What is Notary Insurance?

Notary insurance is a specialized form of coverage designed to protect notaries from liability claims, financial damages, or mistakes made during the notarization process. It provides peace of mind, ensuring that you won’t face devastating out-of-pocket expenses if a client claims you made an error.

There are two primary types of notary insurance:

  • Notary Bond Insurance – Required by many states. A surety bond that protects the public, not the notary. If a notary makes an error or acts dishonestly, the bond compensates the victim, but the notary must repay the bond company.
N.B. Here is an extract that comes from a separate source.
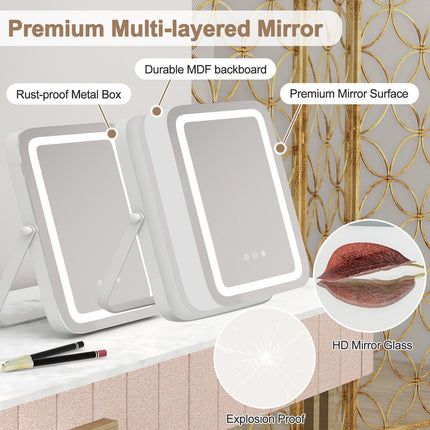 Makeup Vanity Mirror Multi-Occasion 3 Color LED Mirror with Smart Touch Control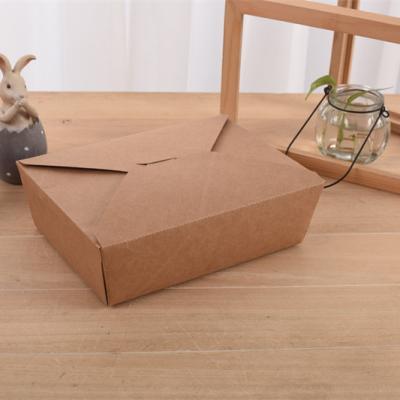 China 2000ml Disposable Kraft Paper Folding Bowl Food Grade Water And Greaseproof for sale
  • Notary Errors and Omissions (E&O) Insurance – Optional but highly recommended. This protects the notary directly, covering legal fees, settlements, and defense costs if they’re accused of negligence or mistakes.

Notary insurance is a protective policy for notaries public, covering mistakes, negligence, or claims that arise from notarizing documents. It typically includes notary bond insurance (public protection) and errors & omissions insurance (personal protection).

Why Do Notaries Need Insurance?

Being a notary may seem like a low-risk job, but the truth is even a small mistake can lead to lawsuits or financial losses. Imagine missing a signature on a loan document or notarizing the wrong identification—these errors could cost clients thousands of dollars and drag you into a legal battle.

Here’s why insurance for notaries is essential:

  • Protection from Lawsuits: Legal battles are expensive. Even if you’re innocent, attorney fees can pile up.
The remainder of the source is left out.